Viceversa, l’attesa delle motivazioni era focalizzata anche sull’analisi della posizione dell’ex senatore eletto nella coalizione del Popolo delle Libertà, Antonio Stefano Caridi, assolto dal tribunale reggino nonostante le pesanti richieste avanzate dall’accusa. Durante la requisitoria, la pm Giulia Pantano aveva discusso la sua posizione nell’ambito della trattazione del filone legato all’inchiesta Alchemia, focalizzata sugli affari del clan Raso-Gullace-Albanese tra la Calabria e la Capitale.

Nel racconto del magistrato, appresa la notizia della candidatura di Caridi “la cosca scese in campo per sostenerlo” e “talmente forte era la potenza di questa cosca da costringere il segretario di un partito che non avrebbe potuto appoggiare Caridi, a rivedere la sua posizione a fronte di accordi presi in precedenza”. Vito Schifani arriverà a proporne l’inserimento nella Commissione parlamentare antimafia, “ma ci fu – scrivono i giudici – una campagna stampa che precluse tale incarico, in quanto erano state pubblicate notizie su una serie di collegamenti che Caridi avrebbe avuto con alcune articolazioni territoriali della ‘ndrangheta” reggina.

L’ex senatore del Pdl Antonio Stefano Caridi è stato assolto, nonostante per il tribunale di Reggio Calabria “non disdegnava di coltivare rapporti e frequentazioni con soggetti delle più importanti consorterie criminali per chiare finalità elettorali”

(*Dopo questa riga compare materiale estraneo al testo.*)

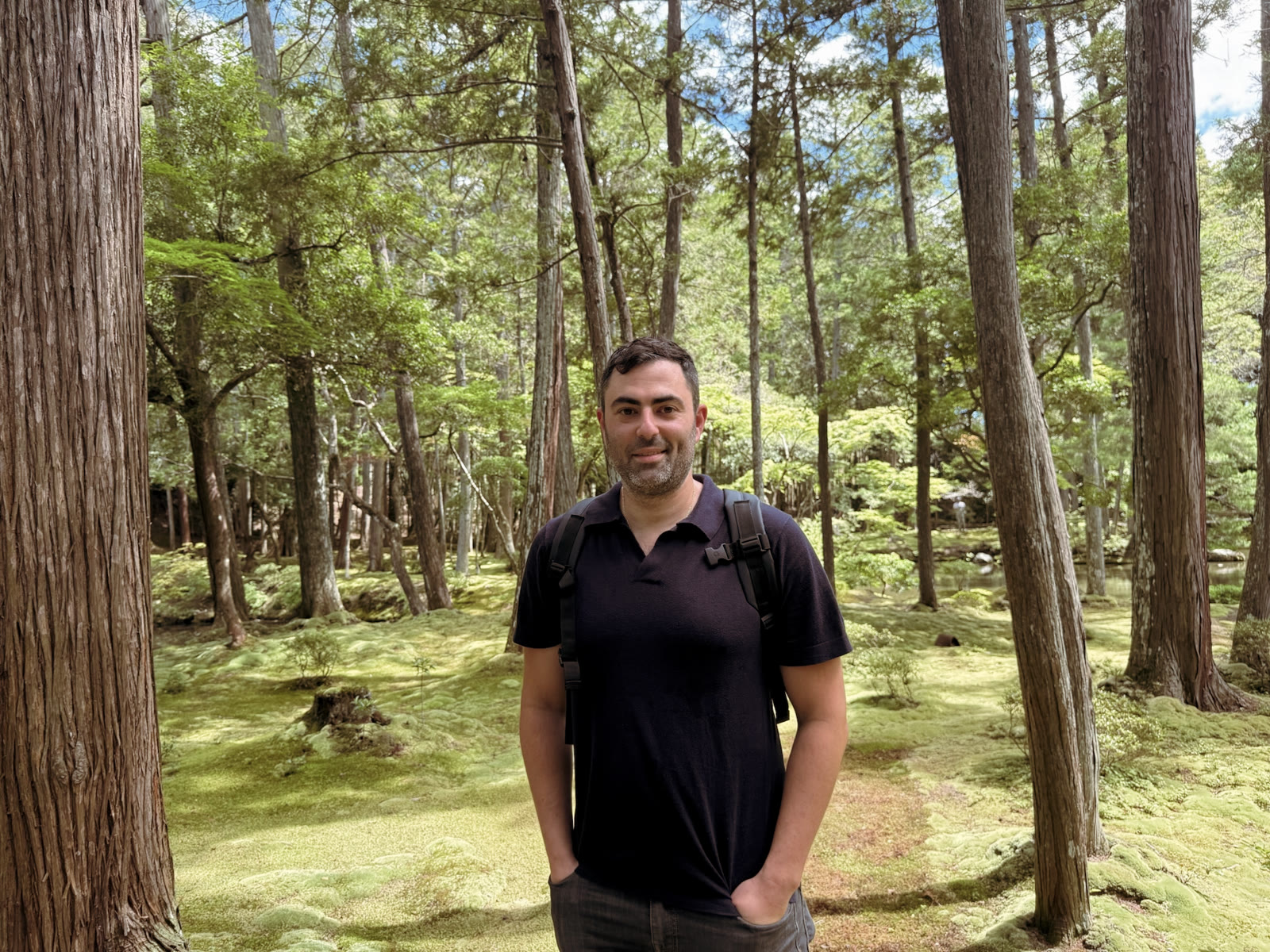 Eric Markowitz standing in a moss-covered forest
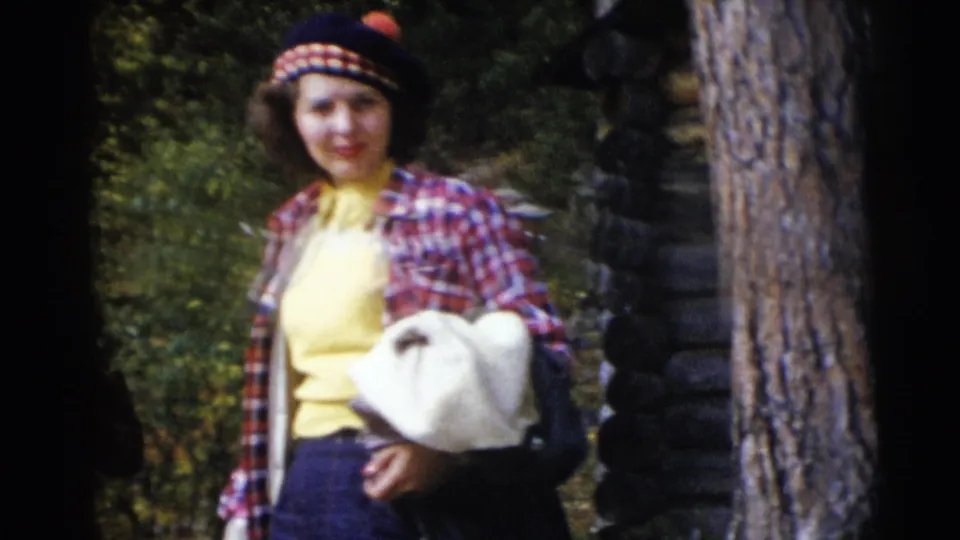 Woman in mid-century casual clothing stands near trees and a log cabin, holding a white bag during the 1953 Baraboo outing.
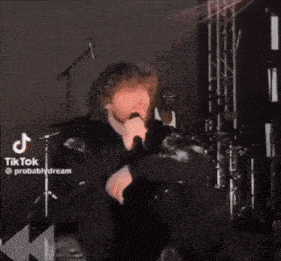 a man with curly hair is singing into a microphone on stage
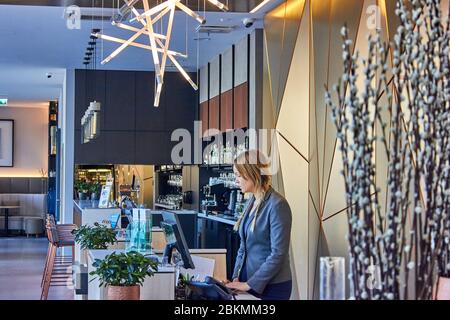 Giovane donna nella hall dell'hotel che aspetta gli ospiti Foto Stock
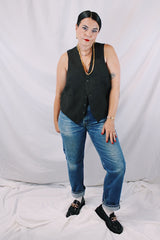 Men's or women's vintage 1970's sleeveless chocolate brown waistcoat vest in a wool and rayon mix material. Tortoise buttons and front pockets.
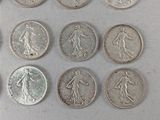 a lot of coins that are sitting on a table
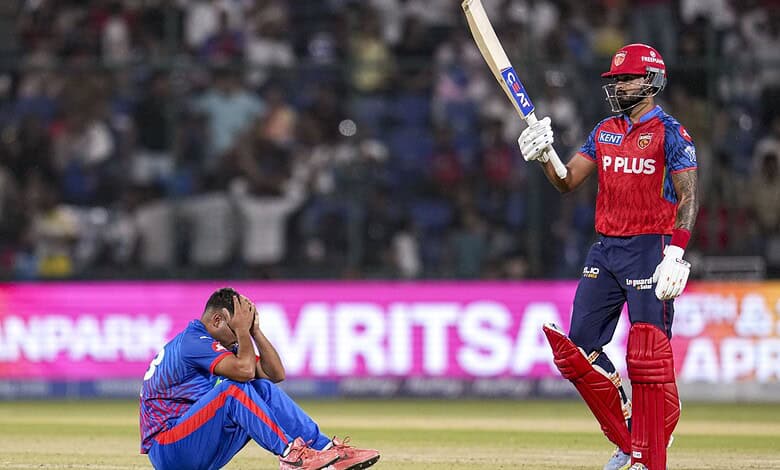 Punjab Kings player celebrating a victory during a cricket match against Delhi Capitals.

Nell’assolverlo per mancanza di elementi che possano portare ad affermare la sua partecipazione alla struttura riservata della ‘ndrangheta, il tribunale di Reggio Calabria non ha disdegnato di sottolinearne una spregiudicatezza tale “che in occasione delle competizioni elettorali non disdegnava di coltivare rapporti e frequentazioni con soggetti delle più importanti consorterie criminali per chiare finalità elettorali”. Aspetti che gli sarebbero valsi “il sostegno elettorale dei De Stefano” alle elezioni del 2002, secondo le dichiarazioni dei collaboratori di giustizia, nel suo caso rimaste prive di riscontri.
Si attendono ora i ricorsi in Appello da parte dell’accusa e delle difese per scrivere un nuovo capitolo di questa importante vicenda giudiziaria.